Uma vez que a reclamação se mostra instruída com todos os elementos relevantes para a sua decisão cumpre apreciar e decidir:
O art. 405º nº1 do Código de Processo Penal, estatui que: “ Do despacho que não admitir ou que retiver o recurso, o recorrente pode reclamar para o presidente do tribunal a que o recurso se dirige”.
O despacho que não admitiu o recurso estriba-se, em síntese, na seguinte fundamentação:
- O prazo de recurso é de quinze dias e conta-se a partir do depósito da sentença na secretaria;
- O disposto no nº5 do art. 333º do CPP não é aplicável à presente situação uma vez que o arguido não foi julgado na ausência – tanto que esteve presente na primeira sessão do julgamento – não releva para o início da contagem do prazo de recurso do arguido outros factos que não o depósito daquela sentença, o que ocorreu em 16 de Novembro de 2005.
O artigo 411º nº1 do Código de Processo Penal dispõe que:
“ O prazo para interposição do recurso é de 15 dias e conta-se a partir da notificação da decisão ou, tratando-se de sentença, do respectivo depósito na secretaria.
No caso de decisão oral reproduzida em acta, o prazo conta-se a partir da data em que tiver sido proferida, se o interessado estiver ou dever considerar-se presente.”
No caso concreto estamos perante uma sentença que foi depositada na secretaria em 16/11/2005.
Assim, parece não existir dúvidas de que o prazo para a interposição do recurso deve contar-se a partir da data do respectivo depósito.
O facto do arguido não ter estado presente na audiência em que foi lida a sentença não é relevante, pois o julgamento não foi efectuado na ausência do arguido, não sendo de aplicar o disposto no art. 333ºdo CPP.
Esta disposição legal só tem aplicação às situações nela previstas, em que o julgamento pode ser realizado na ausência do arguido, justificando-se então o regime previsto no nº5 em que se prevê que a sentença seja notificada ao arguido logo que seja detido ou se apresente voluntariamente, devendo o prazo para a interposição de recurso pelo arguido contar-se a partir da notificação da sentença.
Como já se referiu o julgamento foi realizado na presença do arguido, tendo este apenas faltado à sessão em que se procedeu à leitura da sentença, para a qual estava devidamente notificado, e à qual esteve presente o seu mandatário.
Assim, o arguido sabia perfeitamente que a sentença ia ser lida no referido dia e que seria depositada na secretaria.
Nestas circunstâncias a contagem do prazo para interpor recurso a partir do depósito da sentença na secretaria não acarretou qualquer limitação aos direitos e garantias de defesa do arguido.

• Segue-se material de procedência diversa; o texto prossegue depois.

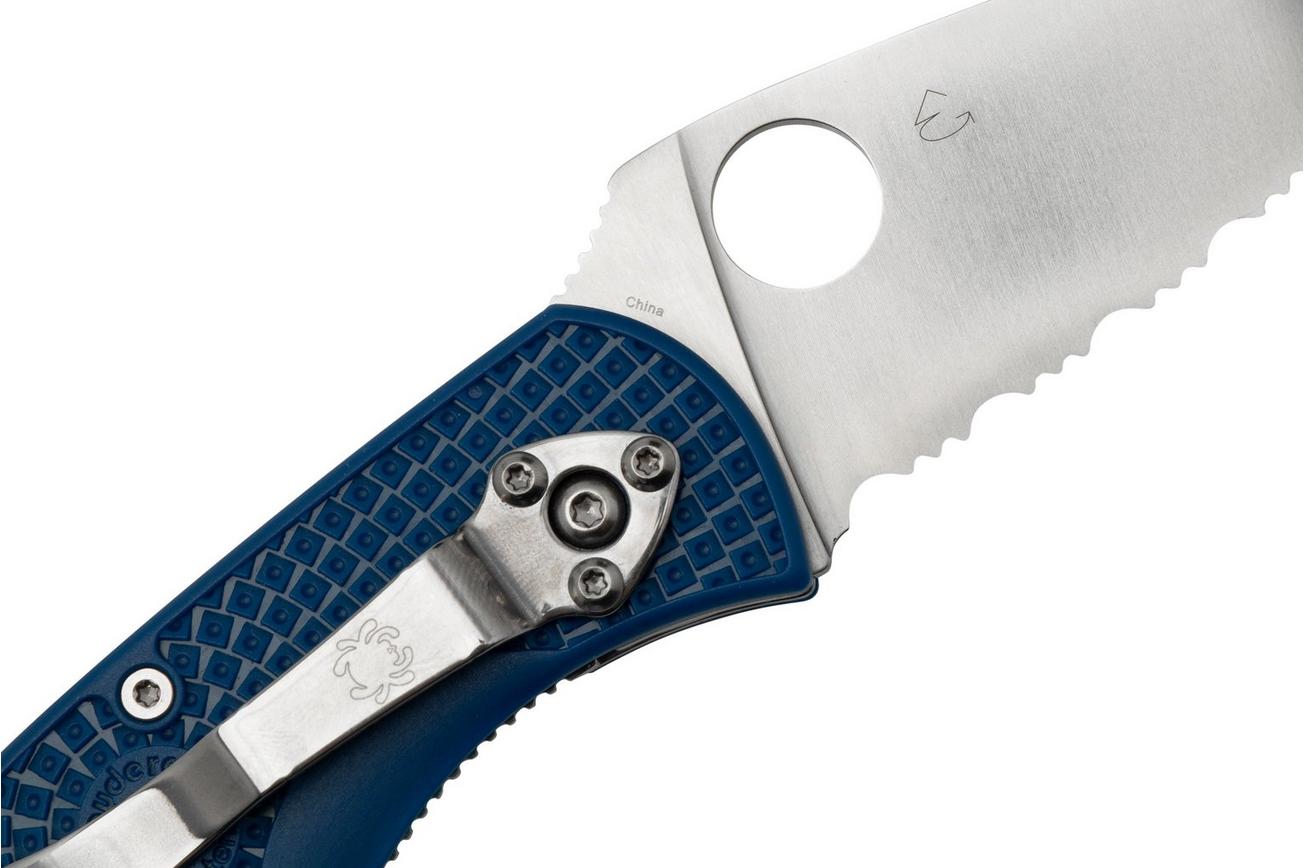 Spyderco Persistence Lightweight C136SBL Serrated S35VN Blue FRN zakmes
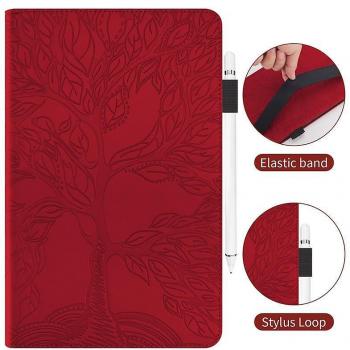 Funda de Diseño Árbol de la Vida para Lenovo Tab P11 Gen 2 Rojo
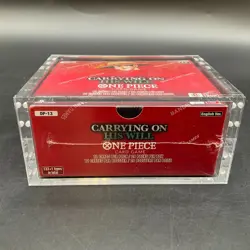 One Piece English Carrying On His Will Booster Box Sealed w/ Acrylic Case - Image 4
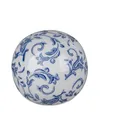 Produktbild: Dekoobjekt Kugel VINTAGE RANKEN weiß blau D. 10cm Keramik Formano Garten S25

O recurso interposto pelo arguido em 15/12/2005, da sentença depositada na secretaria em 16/11/2005, está efectivamente fora de prazo, atendendo ao disposto no art. 411º nº1 do CPP, que estabelece que o prazo para a interposição de recurso de sentença é de quinze dias a contar da data do respectivo depósito na secretaria.

Pelo exposto, julga-se totalmente improcedente a reclamação apresentada pelo arguido.
Custas a cargo do reclamante, fixando a Taxa de Justiça em duas UC, nos termos dos art. 16º nº1 e 18º nº 3 do Código das Custas Judiciais.
( Processado e revisto pelo subscritor, Vice-Presidente do Tribunal da Relação de Évora, que assina e rubrica as restantes folhas).